Throughout the municipality of Almuñécar, there are 27,397 inhabitants (2016) living in Almuñécar, La Herradura, and in the countryside. 5,416 are extranjeros / foreigners with 80 different nationalities, but here there is only one culture. The Spanish. Fiestas and Traditions are important, for example, the patron saint Virgen de la Antigua has been celebrated since 1569.
To get in touch with the municipality and the various departments and managers, there is a lot of information at: www.almunecar.es.
To submit proposals, you can click on: www.lineaverdealmunecar.com/lv/incidencias_online.asp and select the area, and fill out the form.
If you stay here for more than 6 months as a tourist, you should enroll in the municipality, called Empadronado. You also get registered in Madrid which can be good if something happens.
People have lived here for tens of thousands of years, but it was the Phoenicians who started trading places on the Spanish coast. Along with Cartagena, Malaga and Cádiz, Almuñécar is the oldest commercial city. The Phoenicians called our city EX. During the Roman Empire, the city was called FIRMUM IULIUM SEXI, and the first name for the Muslims was Hizn Al-Munekhab, which is believed to mean “Fortress on the hill”, which then became “al-Munekkab”. When the Christians returned to the city, the name was ALMUÑÉCAR, and pronounced: almonjékar.
If you live here you are a Sexitano (m) or Sexitana (f) because of the Roman name.
Almuñécar is a small, genuinely Spanish town with one of the coast’s largest cultural life. In the summertime, people from the hinterland, where it is colossally hot, come down to the Spanish coast and there are over 100,000 people here. Just about the biggest Fiestan comes around 200,000. Winter is much calmer and it is great for frozen northerners who want sun, culture and a nice social life.
The history of Almuñécar begins around 2000-1500 BC with people from the Argarica culture settled here. It was during the Bronze Age.
Almuñécar’s first known settlers were the Phoenicians who came about 1,500 BC. They came from Lebanon and were traders and they found the area with the Peñon del Santo cliff and the protective mountains as well as the two rivers Rio Seco and Rio Verde to be a good place to trade. It was possible to sail up in Rio Verde at that time. Knives and ceramic objects have been found at the old cemeteries. A few centuries before BC, the Phoenicians began to salt fish and made “Garum” which consisted of fish, oil, salt and spices. It would be good against scurvy and be included on the ships. They called the city Ex and had their own coins.

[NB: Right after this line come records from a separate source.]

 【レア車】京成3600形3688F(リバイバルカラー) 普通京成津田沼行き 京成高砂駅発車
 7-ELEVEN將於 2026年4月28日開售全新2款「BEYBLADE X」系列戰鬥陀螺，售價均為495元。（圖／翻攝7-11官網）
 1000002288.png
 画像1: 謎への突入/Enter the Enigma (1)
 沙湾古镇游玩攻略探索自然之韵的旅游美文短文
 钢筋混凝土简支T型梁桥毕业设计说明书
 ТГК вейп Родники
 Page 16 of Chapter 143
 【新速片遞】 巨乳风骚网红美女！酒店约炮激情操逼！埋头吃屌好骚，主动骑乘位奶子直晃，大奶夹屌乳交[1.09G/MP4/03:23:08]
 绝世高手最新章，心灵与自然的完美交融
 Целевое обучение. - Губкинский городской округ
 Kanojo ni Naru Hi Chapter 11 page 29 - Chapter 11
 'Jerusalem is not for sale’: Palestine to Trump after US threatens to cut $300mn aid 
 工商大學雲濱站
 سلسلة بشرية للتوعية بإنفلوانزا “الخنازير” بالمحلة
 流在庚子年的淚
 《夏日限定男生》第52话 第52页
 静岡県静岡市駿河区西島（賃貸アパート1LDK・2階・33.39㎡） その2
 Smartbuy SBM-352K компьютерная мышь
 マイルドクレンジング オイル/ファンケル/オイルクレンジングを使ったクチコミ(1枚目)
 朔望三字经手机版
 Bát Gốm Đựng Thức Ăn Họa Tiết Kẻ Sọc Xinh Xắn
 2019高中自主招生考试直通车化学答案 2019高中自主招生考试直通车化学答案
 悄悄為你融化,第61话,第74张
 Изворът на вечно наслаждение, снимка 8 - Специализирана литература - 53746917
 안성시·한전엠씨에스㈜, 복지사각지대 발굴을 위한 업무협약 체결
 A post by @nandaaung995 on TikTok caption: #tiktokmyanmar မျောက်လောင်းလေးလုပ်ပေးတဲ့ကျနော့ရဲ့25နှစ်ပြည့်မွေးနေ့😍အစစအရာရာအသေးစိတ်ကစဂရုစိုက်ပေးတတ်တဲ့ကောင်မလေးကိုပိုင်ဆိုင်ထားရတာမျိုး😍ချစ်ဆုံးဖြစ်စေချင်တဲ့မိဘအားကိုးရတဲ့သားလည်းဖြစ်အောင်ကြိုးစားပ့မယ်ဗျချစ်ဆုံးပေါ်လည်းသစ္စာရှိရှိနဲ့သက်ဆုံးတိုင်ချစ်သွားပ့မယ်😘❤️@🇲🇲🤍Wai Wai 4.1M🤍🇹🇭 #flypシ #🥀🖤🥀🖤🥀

The Roman Empire expanded and in 49 BC the city was conquered, renamed Firmum Iulius Sexi, after Julius Cesar, and the inhabitants called themselves Sexitanos, which is still used. The Romans were good at building. They built the large aqueducts that come from the north and flow into the city. You can only see 5 parts, which are still left. The Romans also built the fortress of El Castillo de San Miguel, and the current archaeological museum La Cueva de Siete Palacios. When the Roman Empire collapsed by itself, so came the Visigoths, who have little to say about
But what has made the biggest impact on Almuñécar is probably the Moorish / Arab period that began on August 15, 755 AD, when Abderraman / Abd al Rahman I from Damascus, landed here. Then the name of the city became Hisn al-Munekhab. He was an energetic gentleman and eventually created the Caliphate in Cordoba. Almuñécar was liberated from the Muslims by the Christian soldiers in 1489, and was given the name Almuñécar which is pronounced almonjec.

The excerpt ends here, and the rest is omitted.